Но противником Турецкой войны Оссолинский сделался из опасения междоусобия, которое могло бы вспыхнуть в Польше ради подавления королевского самовластия. В то же самое время Турция могла б обратить все силы на Польшу, помирившись с Венецией. В этом Оссолинский, как человек государственный, был тоже прав. И турецкое могущество, и венецианское торгашество понимал он вернее своего короля.
Турция в самом деле, видя, что ей грозит война с севера, готова была заключить мир с Венецией; а синьория, как видно, на то и рассчитывала: ибо, в то самое время, когда Тьеполо так ревностно хлопотал в Варшаве о Турецкой войне, она в Стамбуле, при посредстве французского посла, старалась о мире. Синьория решилась купить мир с турками громадными суммами, и продолжала войну так, «как будто не хотела раздражить султана». Ей было нужно, чтобы Владислав IV выступил открыто с Турецкой войною, чтоб он обнаружил свои замыслы, и чтобы Турция узнала, что делается в Варшаве. Сам Тьеполо служил ей бессознательным орудием для ослепления размечтавшегося воителя: он обещал королю три миллиона скуди субсидии, в случае когда бы Турция перенесла войну в Польшу, но, по своим инструкциям, не подавал никакой надежды, чтобы Венеция захотела заключить оборонительно-наступательный договор с Польшей и обязалась не заключать с Турцией мира без согласия короля; а король до того увлекся погонею за славой, что принимал, зажмуря глаза, все условия синьории, не обязывая Венеции ни к чему с её стороны.
К этим двум извинительным причинам отступничества канцлера присоединился еще и недостаток денег, необходимых для ведения войны, которая требовала издержек громадных. Здесь неспособность короля к великим предприятиям выказалась поразительно. Он твердил, что у него довольно средств, и уже в первые дни приготовлений должен был занять у своей нелюбимой королевы 80.000 злотых, которые раздал полковникам и капитанам.
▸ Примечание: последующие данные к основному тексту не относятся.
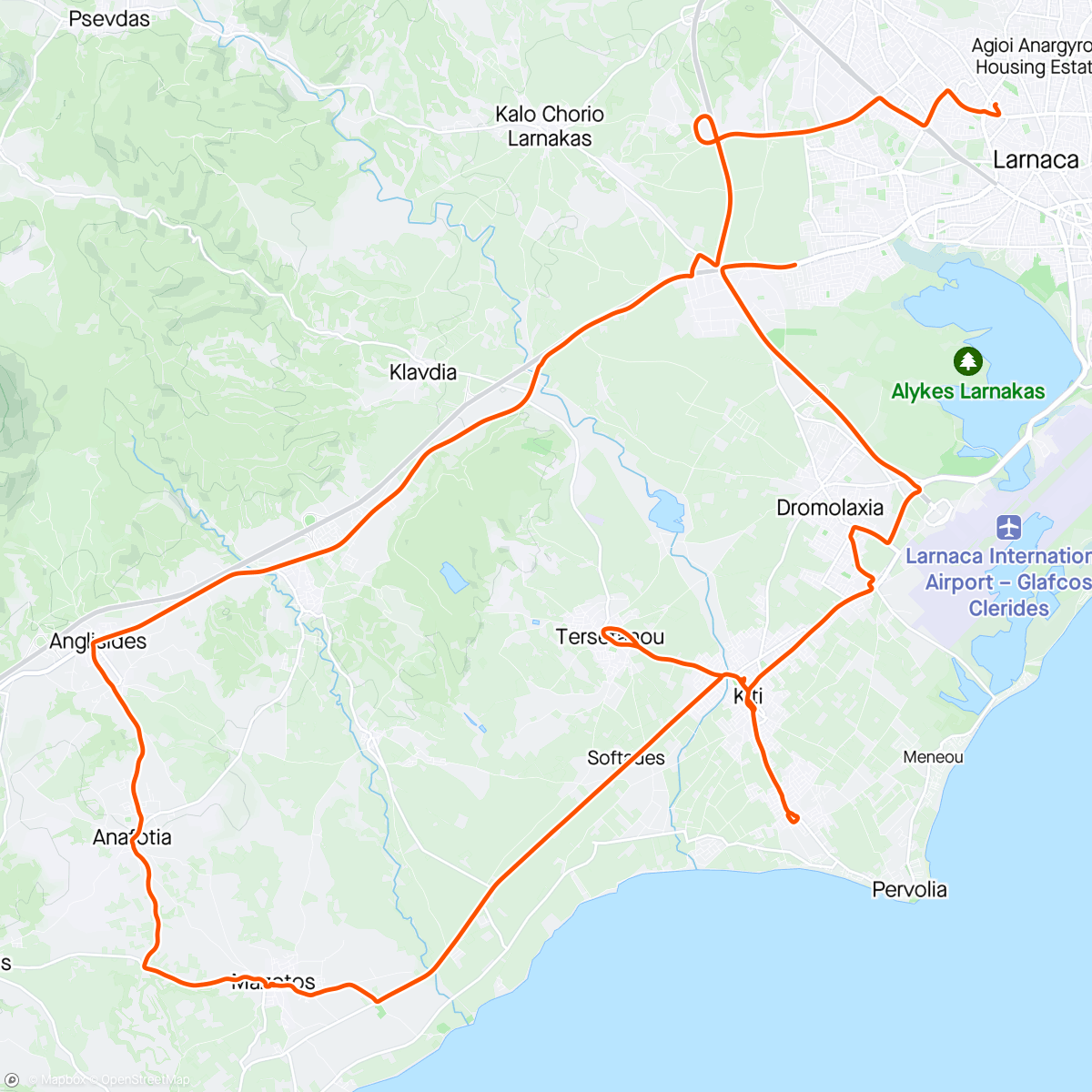 Map of the activity, Charitable ride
Это само по себе гнусно, но в герое Христианства еще гнуснее данное Марии Гонзага обещание, что за этот заем он будет раздавать все должности не иначе, как через её руки. Суммы, которые обещал Тьеполо от папы и от князя тосканского, оказались весьма сомнительными. 250.000 талеров, которые венецианский посол занял под собственное обязательство под 7% у королевы, не были достаточны для войны, которую король постановил вести приватно, без помощи Речи Посполитой. На одни работы в арсенале шло у него ежедневно по 1.000 дукатов, а как приготовления были рассчитаны на три месяца, то один арсенал требовал 180.000 талеров. Желая навербовать 30.000 войска, надобно было по крайней мере «дать на руку» простым жолнерам столько, что это составляло до миллиона флоринов, не считая покупки лошадей, мундиров, возов и платы офицерам. Сколько же надобно было припасти денег, чтобы выступить в поле?
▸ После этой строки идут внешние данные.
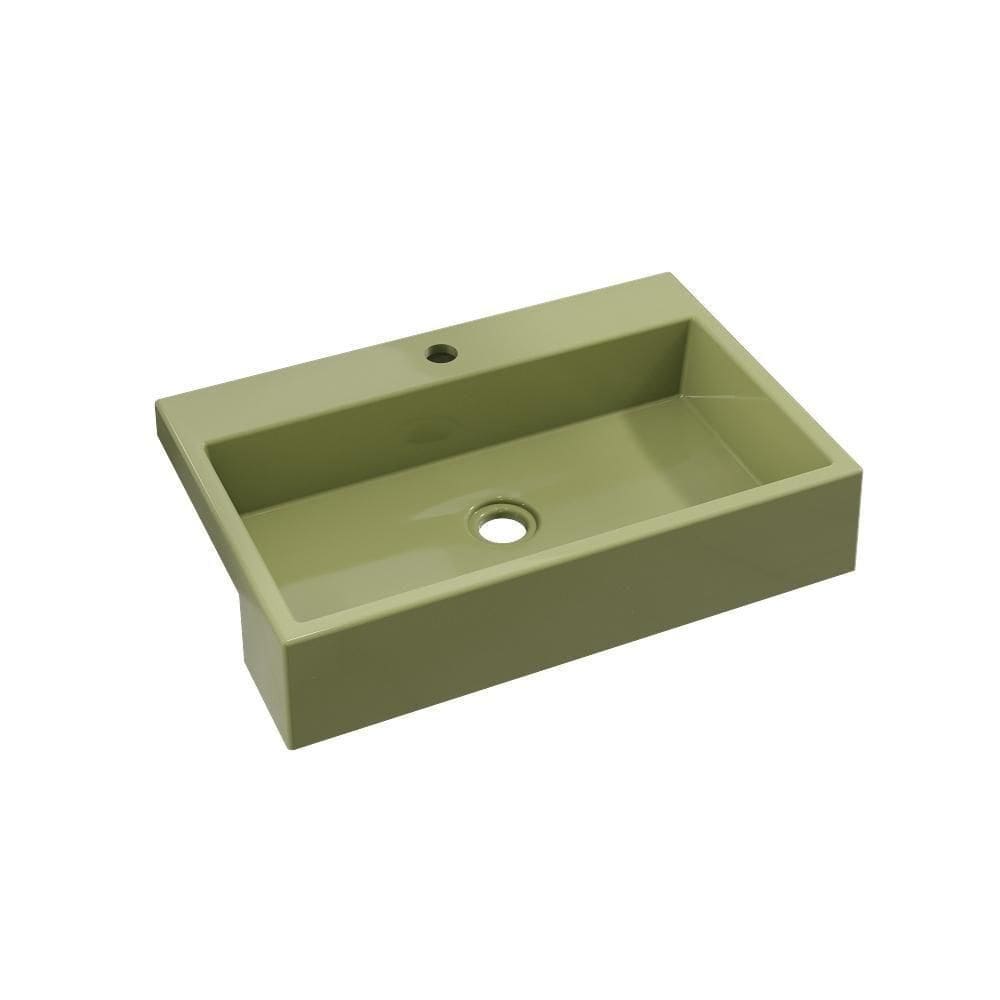 Cuba Semi Encaixe Retangular Xrt55w Colorida Verde Acqua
Неудивительно, что Оссолинский, видя, как отступил король от первоначального плана войны, или вернее сказать — от её таинственности, неудивительно, что он подчинился общему негодованию, и не только сделался противником короля, вылепившего себе магната из «простой глины», но увлек за собой и всю свою партию. Поляки полагают, что Оссолинский, обязанный, как канцлер и сенатор, предостерегать Речь Посполитую от угрожающей ей опасности, уведомил и некоторых сенаторов о королевских замыслах. Во всяком случае король, как личность, был почтеннее своего канцлера. Он входил в положение Оссолинского, и в последствии жаловался перед венецианским послом так: «Изменил мне канцлер, как Иуда Христу, не из злости и ненависти». Два польские ротмистра, вербовавшие жолнеров от имени короля, бросились к Оссолинскому с обнаженными саблями, называя его врагом отечества, за что были наказаны инфамией. Но король, по невозможности заменить канцлера другим советником, или же по недостатку твердости характера, продолжал доверять ему, как и Радзеёвскому.
Получив отказ от канцлера коронного, Владислав надеялся, что не откажет ему в печати по крайней мере канцлер литовский. Но Альбрехт Радивил, приехавши в Варшаву, писал в своем дневнике следующее:
«12 мая прибыл я в Уяздов, и слышу изо всех уст о войне. Удивляюсь, расспрашиваю, доискиваюсь причины. Я думал, что шведы ударили на нас, как прибыл ко мне коронный канцлер от короля с уведомлением, что, вместо зайца, поймали на охоте войну... Я спросил: напечатаны ли уже листы для ротмистров? — Еще нет. — Тогда я сказал, что скорее позволю отрубить себе руку, нежели приложу к ним литовскую печать. Коронный канцлер был того же мнения».